◆ Problem requirements:
Starting at the line holding "Rock Stairs With" and finishing at the line holding "Playmobil Spielfiguren in Frickenhausen", transcribe the material exactly, keeping both ends but no pictures.

BEGIN The data

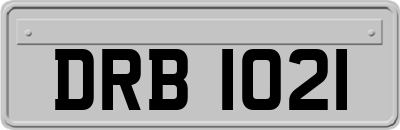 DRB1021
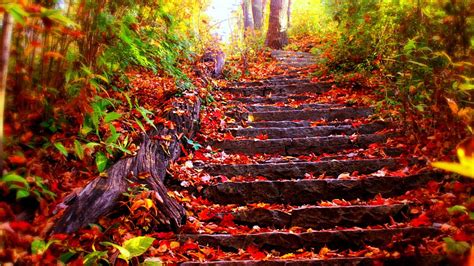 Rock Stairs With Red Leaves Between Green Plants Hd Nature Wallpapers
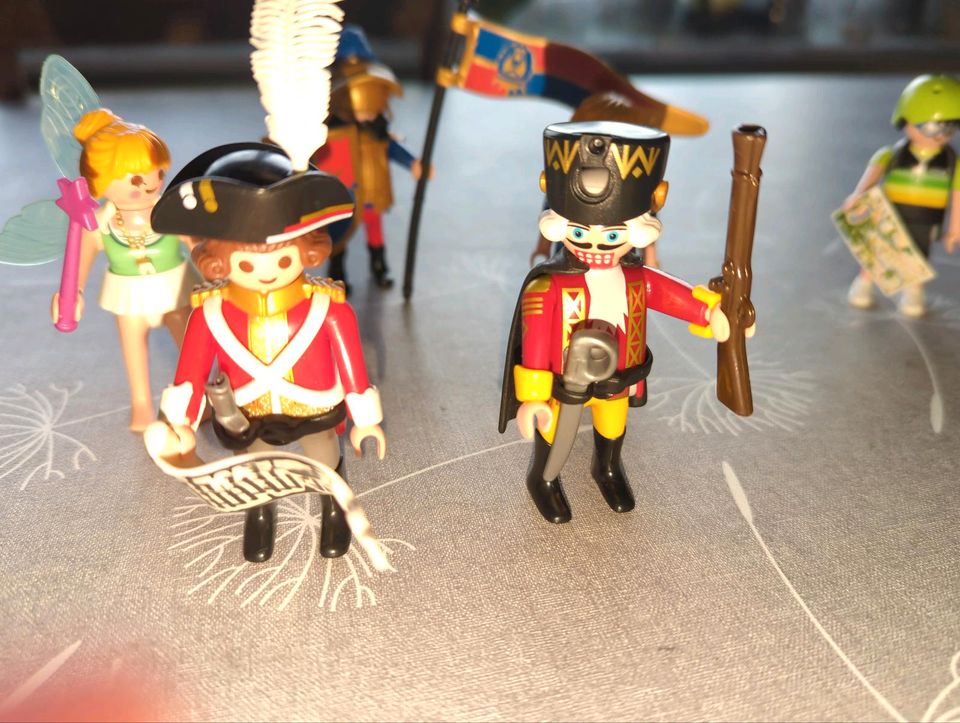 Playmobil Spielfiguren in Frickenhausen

END The data
BEGIN The data

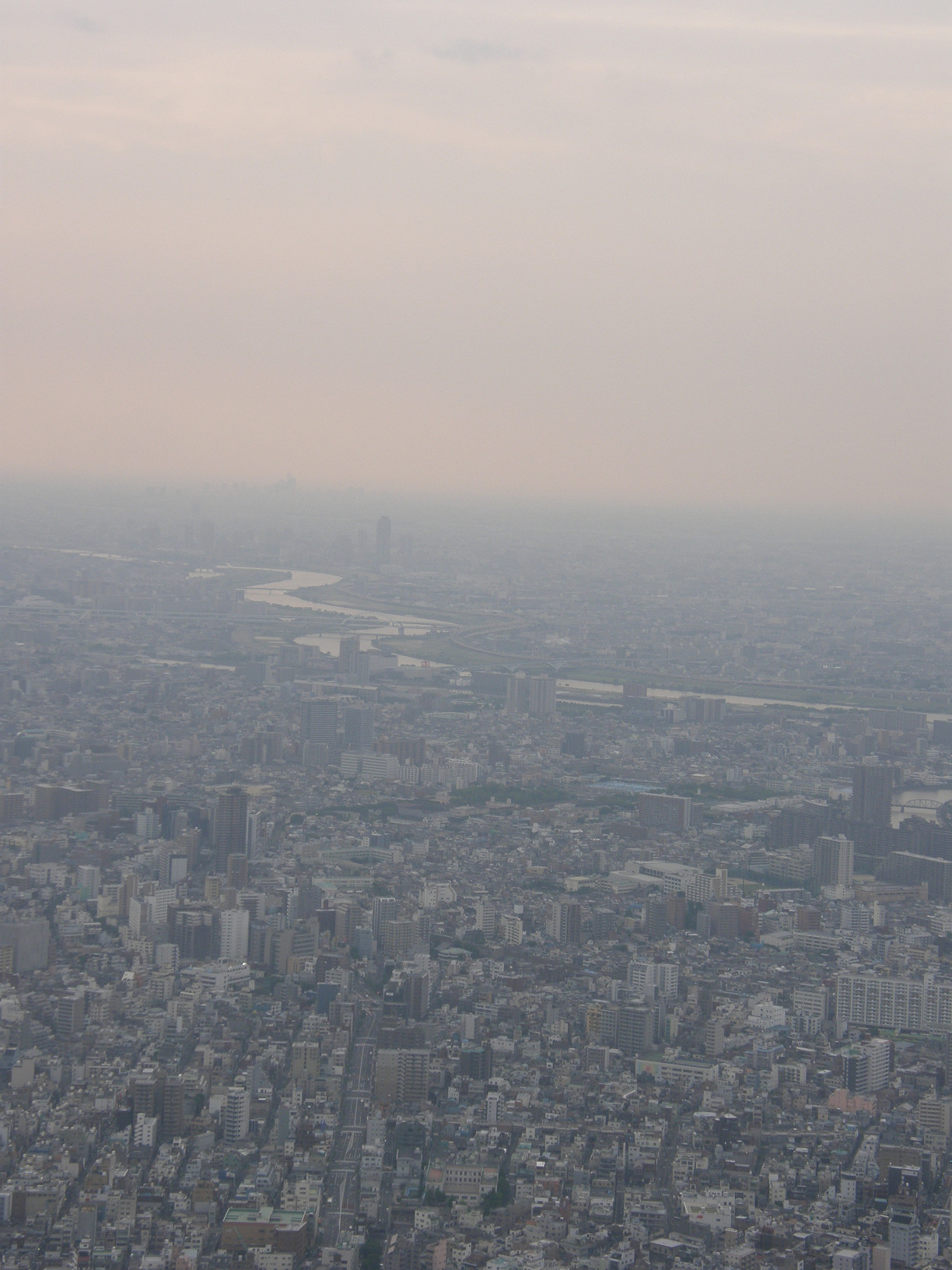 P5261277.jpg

END The data

◆ Exercise solution:
 Rock Stairs With Red Leaves Between Green Plants Hd Nature Wallpapers
 Playmobil Spielfiguren in Frickenhausen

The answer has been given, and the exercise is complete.